Instrumentation required: Ella instrument and Simple Plex cartridges

Traditional ELISAs detect just a single analyte and have a largely manual workflow that can introduce operator errors. The automated Ella instrument, coupled with Simple Plex Assays, was developed to address these limitations by simultaneously quantifying up to 8 analytes in a single sample, as well as reducing or removing many manual steps to deliver more reproducible results in just 90 minutes.

“A key feature of the Ella platform is the elimination of cross-reactivity when multiplexing,” reports Marissa Beck, Senior Product Manager at Bio-Techne. “This is achieved through the use of distinct microfluidic channels that allow for separate measurement of each analyte. Other advantages of the Ella platform include sub-picogram sensitivity and a broad dynamic range spanning four logs, which allow for accurately detecting analytes with different expression levels in the same sample.”
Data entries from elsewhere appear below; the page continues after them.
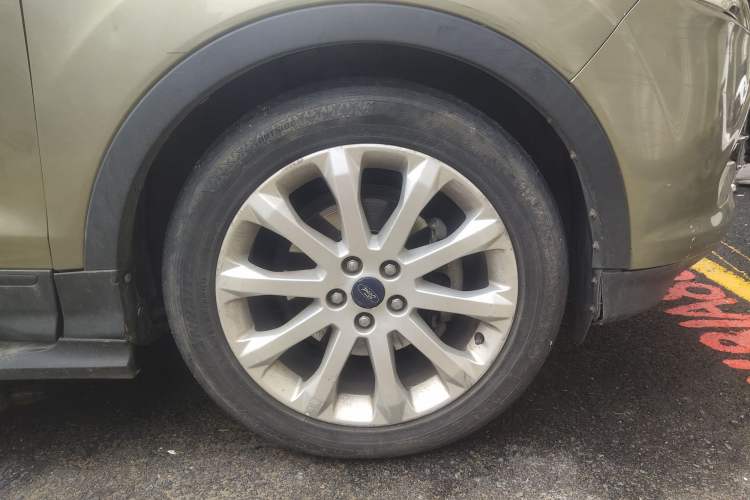 Used Ford Kuga 2013 1.6L GTDi Two-Wheel-Drive Trend Model Right Front Wheel Hub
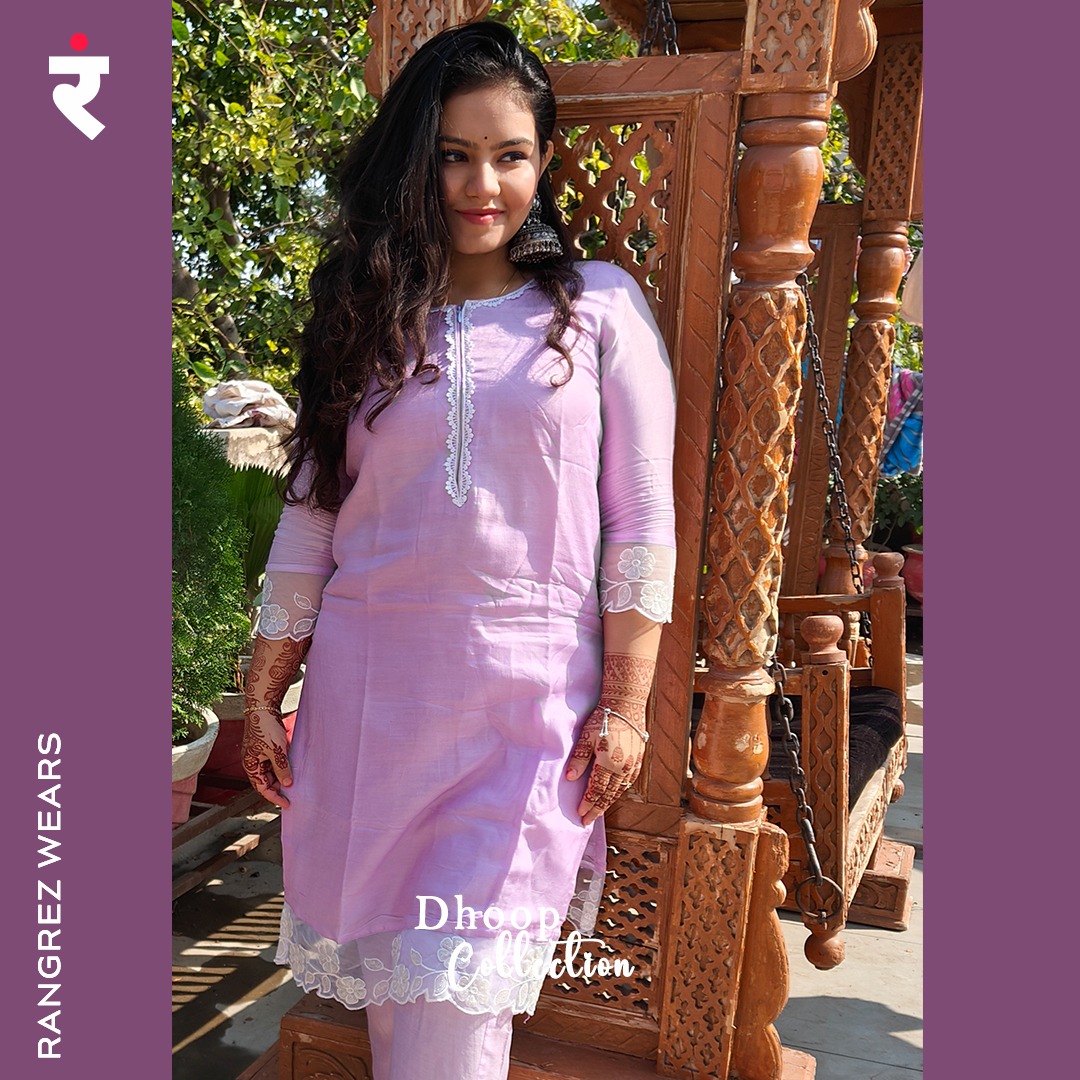 RangrezWears's tweet photo. ๐๐๐๐๐๐ ๐๐
๐๐๐๐๐๐๐๐๐
"Elegance in every thread! Embrace the charm of our ๐ฆ๐ฎ๐ฌ๐ฅ๐ข๐ง ๐ค๐ฎ๐ซ๐ญ๐ข ๐ฌ๐๐ญ adorned with delicate lacework from ๐๐๐ง๐ ๐ซ๐๐ณ ๐๐๐๐ซ. Unveil your style with timeless grace.
#RangrezWears #EthnicChic #FashionElegance #MuslinMagic https://t.co/4vVXcqzS1c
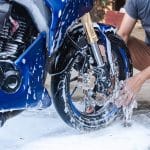 5 schlechte Gewohnheiten beim Motorradputzen – und wie man sie ablegt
Beck suggests that the Ella platform is particularly suited for scenarios demanding high-throughput, accurate biomarker quantification with limited sample volume, where precision, low variability, and an efficient workflow are required.

• Simple Western—automated western blotting

Level of plex possible: Varies by assay; Bio-Techne has demonstrated multichannel detection of 6 targets plus total protein detection in 8 samples with 1 run

Compatible sample types: complex samples including cell, viral, and tissue lysates

Instrumentation required: Simple Western instrument and capillaries

The Simple Western platform was designed to overcome known challenges for traditional western blotting, including poor reproducibility, a lack of accurate quantitation, and extensive time to results. It represents the only fully automated solution for western blot analysis, providing gel-free, blot-free, hands-free results in 3 hours with just 3 µL samples.

“Simple Western is a capillary immunoassay platform that combines protein separation with sensitive chemiluminescence and fluorescence immunodetection using conventional primary and conjugated secondary antibodies,” explains Brett Houser, Senior Product Manager at Bio-Techne. “Specifically, automated in-capillary size separation and covalent immobilization of target analytes is followed by washing, antibody incubation, and detection steps.”

There are several approaches to multiplexing with Simple Western. One is to add several primary antibodies and multiplex by size in a single run. Additional infrared (IR) and near-infrared (NIR) channels can be used for multiplexing targets of similar molecular weights. You can also use the instrument’s RePlex module for stripping and re-probing, which allows for detecting additional targets or total protein for data normalization. Both provide reproducible and quantitative results, more quickly, than established methods for western blotting.

References

1. Feinberg JG. A 'microspot' test for antigens and antibodies. Nature. 1961 Dec 9;192:985-6. 

2. Ekins RP. Multi-analyte immunoassay. J Pharm Biomed Anal. 1989;7(2):155-68.